2. This goes through the data frame, and looks at all numerical series and calculates a median value for them.
3. This outputs summary statistics for all the numerical series. Giving us things such as count, mean, standard deviation, etc. You should know that the mean 
isn't as useful here, since our mean is so heavily affected by outliers due to strangely high salaries! Additionally, the 'count' value just counts the number
of rows that don't have 'NaN' or empty values (how many people answered the question).

4. 'value_counts()' is kind of like groupby and sum. Basically here it gets all of the values from the series and puts them in boxes, 'Yes' or 'No' in this case. Then it counts the 
amount of values in those boxes. So for 'Yes' there's 71257, whilst 'No' has 17626.
5. Another example accessing the 'SocialMedia' column to see the social media that a person uses. So it'll put all of the series values in boxes such as 
'Twitter', 'Facebook', 'Instagram', etc. Then it counts the number of values in each box, which gives us back the distribution of social media platform usage.
If you don't want to see the integer counts for each 'box', then Pandas also allows you to see the percentages. 


'''
import pandas as pd
csvPath = "../data/survey_results_public.csv"
df = pd.read_csv(csvPath)

# 1.
df['ConvertedComp'].median()

# 2.
df.median()

# 3.
df.describe() 
df["ConvertedComp"].count() # 55823, returns the number of people who put a salary and answered the question
# 4.
df["Hobbyist"].value_counts()
# 5.
df["SocialMedia"].value_counts(normalize=True)

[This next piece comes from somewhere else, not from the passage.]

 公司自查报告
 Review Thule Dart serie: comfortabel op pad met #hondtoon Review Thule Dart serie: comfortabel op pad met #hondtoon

# 6. Separate values in boxes based on the 'Country', then tallies them up; Remember this is only on a series, so the entire rows aren't boxed up
df["Country"].value_counts()

# 7. This puts the rows into groups/boxes based on their 'Country' values. Exactly how it works in SQL as well.
# So this is a data-frame groupby object
countryGroups = df.groupBy(["Country"])

'''
8. Get all rows (data frame) that have the country "United States"; however you could also achieve the same thing with a filter. However 
the advantage here is that we've done this with all countries.
'''
countryGroups.get_group("United States");

'''
9. Starting small, let's find the most popular social medias 
for the united states. 
'''
countryFilter = df["Country"] == "United States"
df.loc[countryFilter]["SocialMedia"].value_counts()

'''
10. Now let's apply a function to all of those country groups. We want 
to find out the most popular social media per country. Now for every country
group, we're counting the and recording the different values for social media and tallying 
them up! So remember that the 'indexes' here are the 'Country' values e.g.
'India', 'United States', etc.


'''
countryGroups["SocialMedia"].value_counts().loc["United States"]

'''
11. So we get the median value of the 'ConvertedComp' for each country group. We are 
then returned a series with indices of Countries and values in the series being the median values.
As a result we're able to get the median 'ConvertedComp' for the country group of 'Germany'
'''
countryGroups["ConvertedComp"].median().loc["Germany"]

'''
12. Let's move back to the string methods. Get all rows for India. Then 
we should get back a series of booleans for how many people use Python.
Then do a .sum()

'''
indiaFilter = df["Country"] == "India"
indiaDf = df.loc[indiaFilter]
indiaDf["LanguagesWorkedWith"].str.contains("Python").sum() # This returns a 'SeriesGroupBy'